CD Review: Shelby Lynne, and Reference CD Review: Allison Moorer
In a career that has seen as many stylistic shifts as costume changes at a Madonna show, Shelby Lynne has gone from country starlet to singer/ songwriter to pop diva to club crooner. The result is unfulfilled potential, because she also tends to make odd, hard-to-warm-to recordings - and regrettably, that's again the case for Just a Little Lovin'.

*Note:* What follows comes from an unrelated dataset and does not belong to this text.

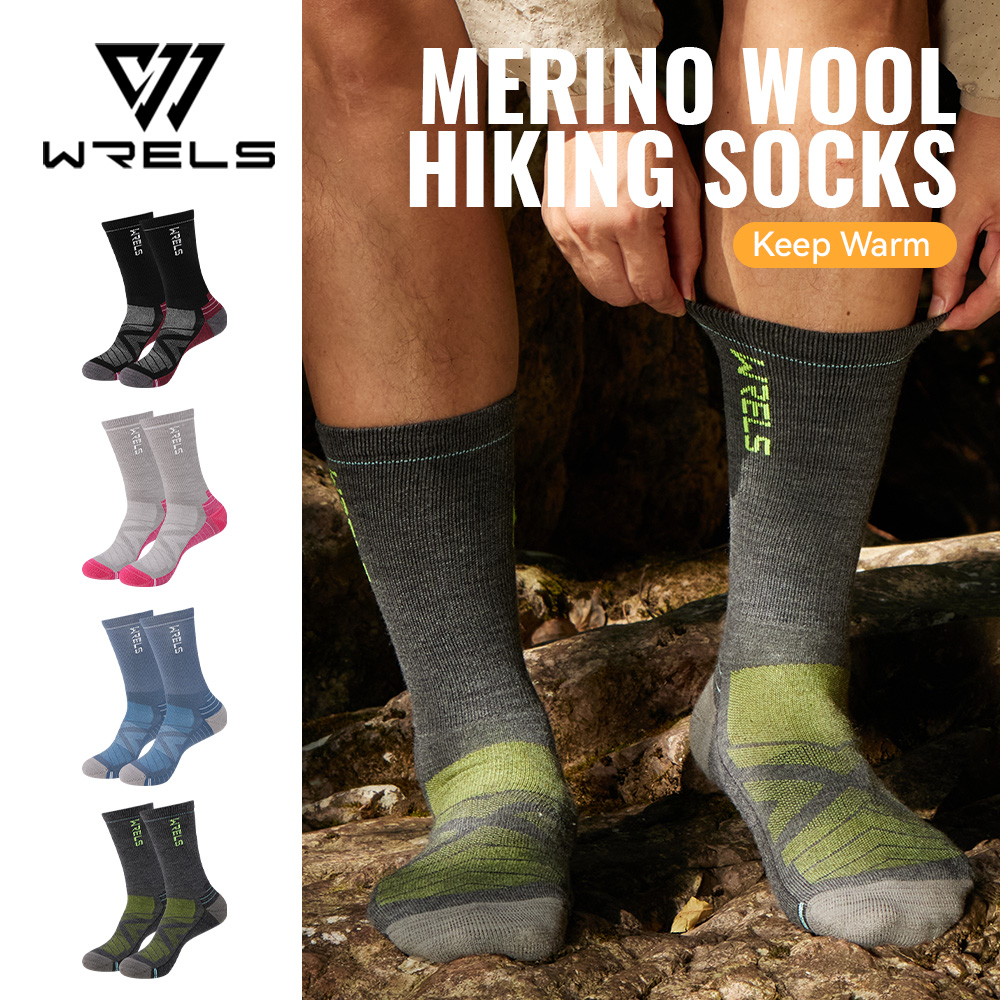 Anti Blister Sock - ถุงเท้าขนแกะเมอริโน WRELS 1/2/3 ถุงเท้ากันหนาวแบบหนา ระบายอากาศได้ดี ซับเหงื่อ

On paper, it seems to be a can't-miss: an album of Dusty Springfield-recorded songs, Phil Ramone at the controls, and an ace backing band. Yet it mostly falls flat. First, many of the choices are strange; maybe Lynne didn't think she should touch "Son of a Preacher Man," but who really associates "Anyone Who Had a Heart" or "How Can I Be Sure" with Springfield? Second, Ramone's crystal-clear production is stiflingly airless, not intimate. And last, on classics like "The Look of Love" and "I Only Want to Be With You," Lynne sounds vague and distanced from the material. It's only on that set-closing "Sure" that Lynne, accompanied solely by Dean Parks's acoustic guitar, makes something special happen. But by then, it's too late. Way too late.
Meanwhile, Lynne's younger sister, Allison Moorer, has also recorded an album of covers - in this case, all written by female artists - and it's a stunning success. With notable help from producer/guitarist Buddy Miller, she gets to the emotional core of just about everything she tries. And with this kaleidoscopic batch of songs, that's saying a lot, as it ranges from blues (a sexy take on Nina Simone's "I Want a Little Sugar in My Bowl") and folk (a raw-nerved version of Kate McGarrigle's "Go, Leave") to country (a sultry rethinking of June Carter's "Ring of Fire") and rock (a smoking attack on Patti Smith's "Dancing Barefoot"). Given this set's effortless eclecticism, maybe it's time little sis taught big sis a thing or two about finding one's true voice.